First off, I got in the Boston Marathon and am darn happy about it. Their website crashed and sputtered. I cursed a lot. But, I got through Monday morning and though I didn't know it at the time, my problems with registering were pretty minuscule compared to what others went through.
Seven or so hours later, the race was filled. Compare this to last year when it took two months and people flipped out about that. And I compare that to four or five years ago when I can remember a friend registering for Boston after qualifying for it two months prior and with no worries. Ah, the salad days.
So... what gives?
I asked around about that and the common answer in one form or another was this: The hype. Mass hysteria and panic that it was going to fill up served as a positive feedback mechanism for the inevitable mad rush to get in before the cap was reached. I bought in, and so did others. The result: Bam! Record setting fill-up time.
The field limit is still the same. The qualifying standards are still the same. I'd venture to guess the number of those that did BQ this past year really wasn't significantly more compared to recent years either. But the drum beating that the race was going to fill up quick was not the same. How much did the race director play in that? Hard to say for sure, but there is now a huge mess for him to clean up and a lot of unhappy people to deal with.
What helped accelerate it? Simple. Social media. Enter Facebook and Twitter, where information is dispersed quickly and efficiently, primarily from peers that we trust and pay more attention to than other information outlets. In my opinion, there is no way this level hype would have been possible without it. Send out tweets or status updates that it'll fill up fast, and people will flock in droves. Your friends and family will pass along the word, adding in their own concerns along the way.
Unfortunately, I was a bit disappointed to see the Mt. Desert Island Marathon going this route. The race filled up this year over the summer, which was faster than ever. And I love this race to death, but this morning they were sending out tweets and status updates threatening that the race would be filling up very soon like Boston did:
"The 2011 Boston Marathon sold out in a few hours on Monday and we're right behind them. Don't wait or you'll miss our 1)th [sic] edition, it's gonna be epic! WE PROMISE!"
Okay, now that is just flat out beating the drum. No doubt this race will now fill up very soon as a result, but is it ethical to start a fire in your own crowded theater? This rushes people into the decision making process for the sake of filling up your own race quicker and the hype was happening even before the registration for MDI opened, so it makes me wonder.
Going back to Boston, as a result of the quick fill-up and people not getting in as a result, an ugliness has ensued. Check the Boston Marathon's Facebook page and you'll see. People are looking for scapegoats, and one target has been charity runners. Some are very harshly saying Boston should do away with that group to allow more slots for BQ'ers, but when you consider the charity runners numbers, it's stupid to blame them. I've heard 1350 spots are given to charity runners... not a big impact. And c'mon, it's charity for crying out loud.

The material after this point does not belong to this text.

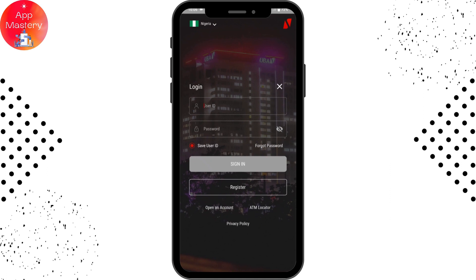You will be signed into your UBA mobile app. If you have any questions, feel free to comment below. Thanks for watching.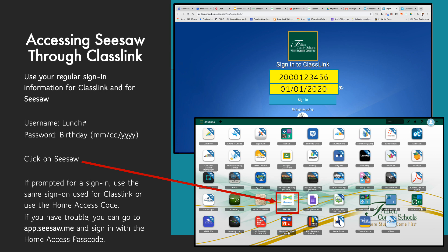Otherwise, you can go to app.seesaw.me and select sign in as a student and use your home access code.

Where's your heart?!
People who got in the Boston Marathon because they are affiliated with a business that sponsors the event in some way? Well, a bit more of a fair target there, but hey, if a business or organization sponsors in some way, they deserve a few slots.
If you must blame someone, blame the hype machine. Blame social media. Blame Facebook, Twitter, blogs, and everything else. That's what really caused it.
Someone has to drive it. I hope more race directors will use more caution in the future for everyone's sake. There are better ways to bring people to your races. Intentional or not, I think Boston might have learned this lesson the hard way.